GIVEN MATERIAL:
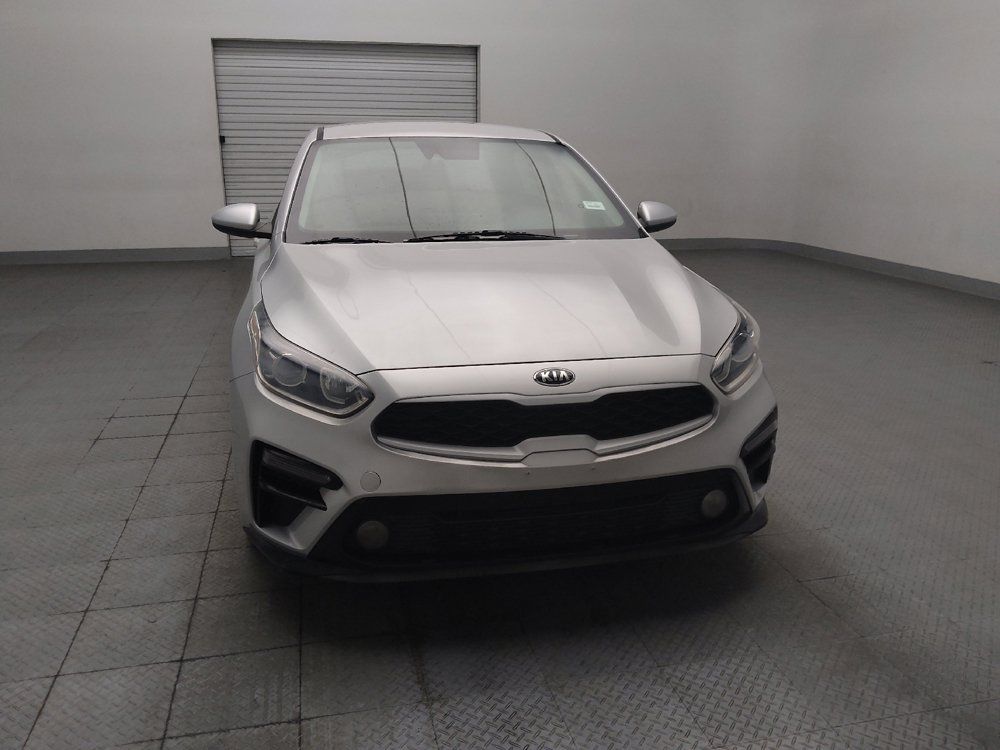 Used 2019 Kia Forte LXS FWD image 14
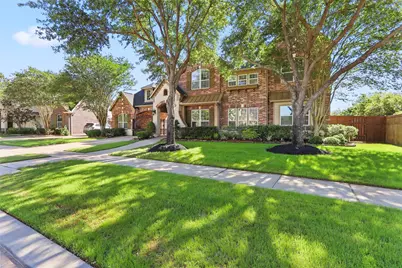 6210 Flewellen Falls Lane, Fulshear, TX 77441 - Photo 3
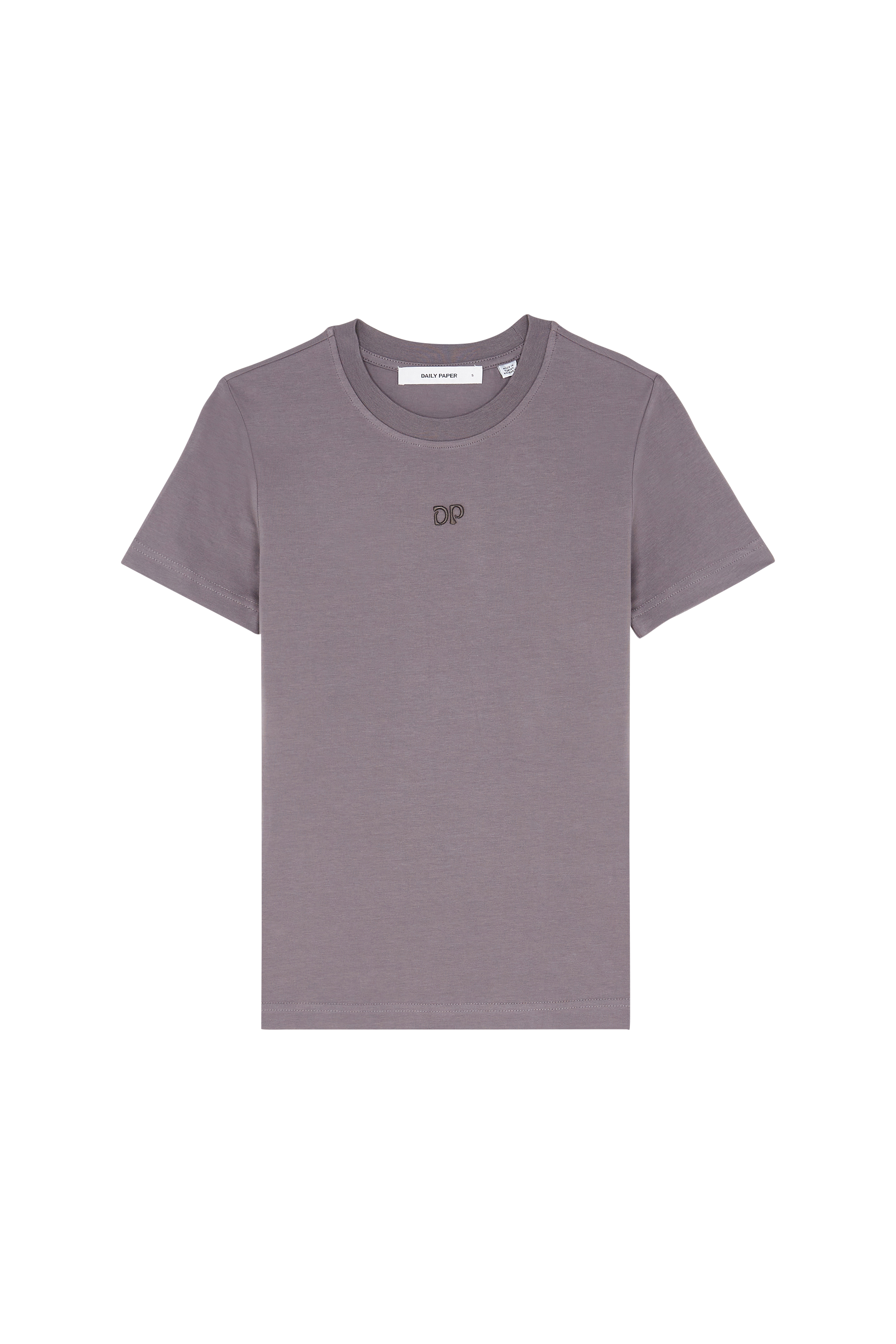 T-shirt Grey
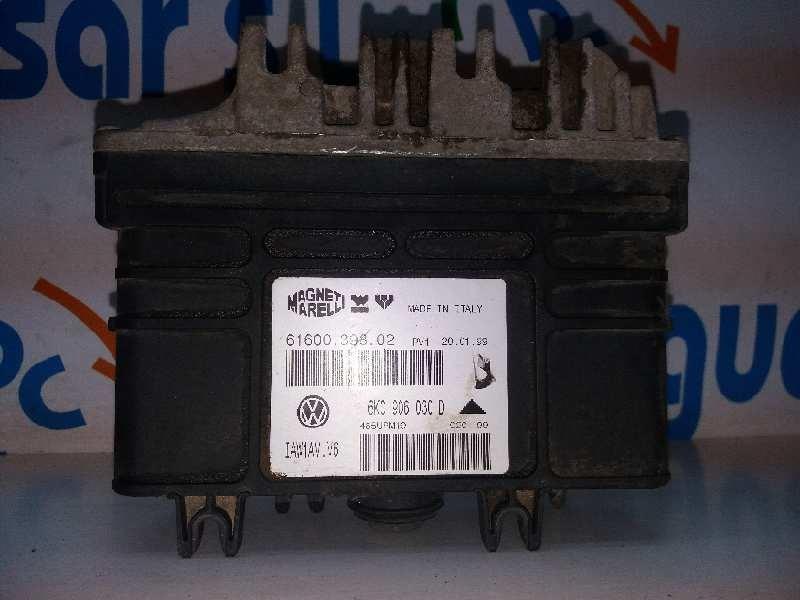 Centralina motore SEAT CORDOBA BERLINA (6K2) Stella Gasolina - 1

TASK TO CARRY OUT: Reproduce each line above exactly, but not a single picture.

PROBLEM SOLUTION:
 Used 2019 Kia Forte LXS FWD image 14
 6210 Flewellen Falls Lane, Fulshear, TX 77441 - Photo 3
 T-shirt Grey
 Centralina motore SEAT CORDOBA BERLINA (6K2) Stella Gasolina - 1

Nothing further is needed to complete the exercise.